MontiCore: a Framework for Compositional Development of Domain Specific Languages
Domain specific languages (DSLs) are increasingly used today. Coping with complex language definitions, evolving them in a structured way, and ensuring their error freeness are the main challenges of DSL design and implementation. The use of modular language definitions and composition operators are therefore inevitable in the independent development of language components. In this article, we discuss these arising issues by describing a framework for the compositional development of textual DSLs and their supporting tools. We use a redundance-free definition of a readable concrete syntax and a comprehensible abstract syntax as both representations significantly overlap in their structure. For enhancing the usability of the abstract syntax, we added concepts like associations and inheritance to a grammar- based definition in order to build up arbitrary graphs (as known from metamodeling). Two modularity concepts, grammar inheritance and embedding, are discussed. They permit compositional language definition and thus simplify the extension of languages based on already existing ones. We demonstrate that compositional engineering of new languages is a useful concept when project-individual DSLs with appropriate tool support are defined.
💡 Research Summary
The paper introduces MontiCore, a framework designed to address the three main challenges of domain‑specific language (DSL) development: handling complex language specifications, evolving them in a structured manner, and guaranteeing their correctness. The authors propose a single, redundancy‑free grammar notation that simultaneously serves as a readable concrete syntax and a well‑structured abstract syntax. By enriching the grammar with association and inheritance constructs, the framework allows the definition of arbitrary graph‑like abstract models directly within the textual specification, bridging the gap between traditional parser grammars and metamodeling techniques.
Two compositional mechanisms are central to MontiCore’s modularity strategy. Grammar inheritance lets a new language reuse all production rules of an existing one, while permitting selective overriding or extension.

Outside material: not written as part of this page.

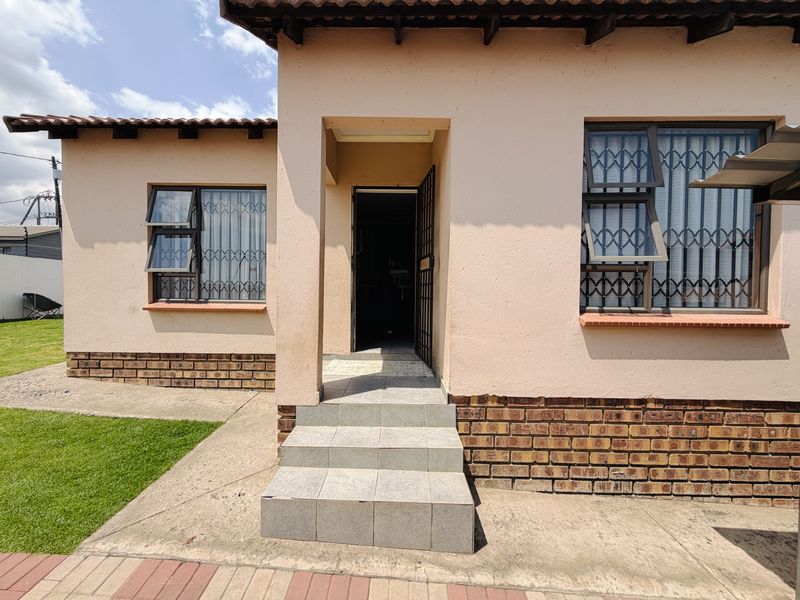 Front entrance of a single-story house featuring tiled steps, security gates, and brick plinth detailing.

This mechanism simplifies language evolution and the creation of language families, because changes in a base grammar automatically propagate to derived grammars. Embedding, on the other hand, enables the insertion of a complete sub‑grammar into another grammar at designated points. The framework resolves token‑level conflicts through a dedicated parser‑combination strategy, ensuring that each embedded language retains its own validation and tooling capabilities.
Beyond the definition phase, MontiCore automatically generates the full tool chain required for a textual DSL: parsers, abstract syntax tree (AST) classes, visitor‑based transformers, and Eclipse plug‑ins for editing, syntax highlighting, and real‑time error checking. Because the generated artifacts are derived from the same modular grammar, consistency between language definition and tooling is guaranteed, and developers avoid the repetitive effort of hand‑crafting parsers and editors for each new DSL.

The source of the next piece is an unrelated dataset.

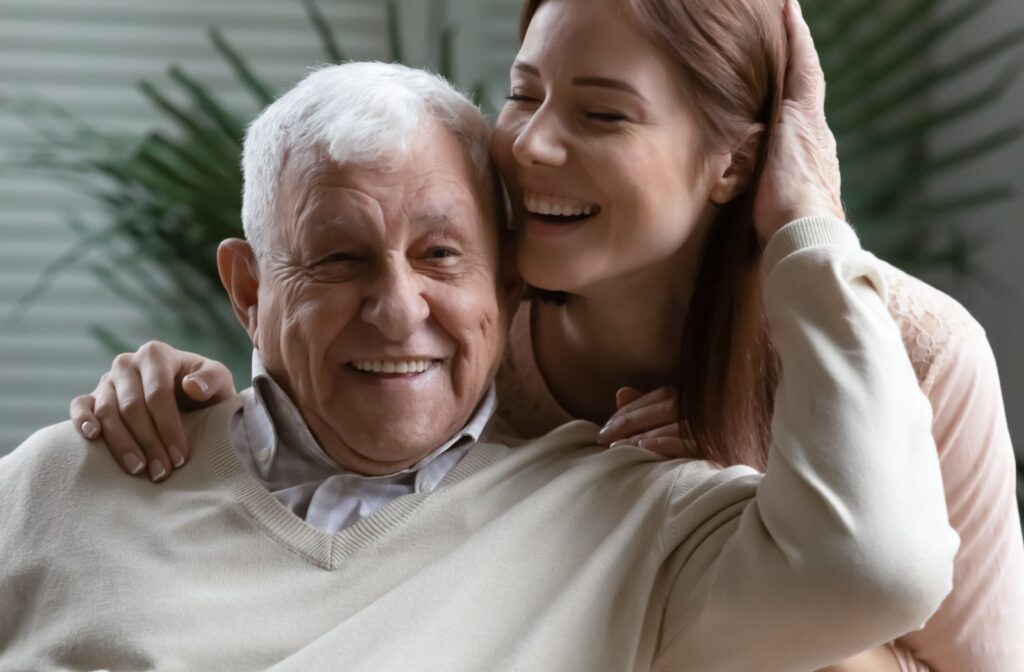 Senior man and daughter smiling.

The authors validate their approach with two case studies. In the first, a state‑machine DSL is extended by embedding a database‑access DSL, resulting in a single script language that can describe both control flow and data manipulation. In the second, a basic UML sequence‑diagram DSL is subclassed to create a domain‑specific variant with additional semantics. In both scenarios, the amount of hand‑written code dropped dramatically, maintenance effort was reduced, and the automatically generated editors correctly performed syntax highlighting and error detection for the composed languages.
Overall, MontiCore demonstrates that a grammar‑centric, compositional development model can substantially improve the productivity and reliability of DSL engineering. By unifying concrete and abstract syntax, supporting object‑oriented extensions within the grammar, and providing inheritance and embedding as first‑class composition operators, the framework enables developers to build complex, project‑specific languages from reusable components while preserving a coherent, automatically generated tool ecosystem.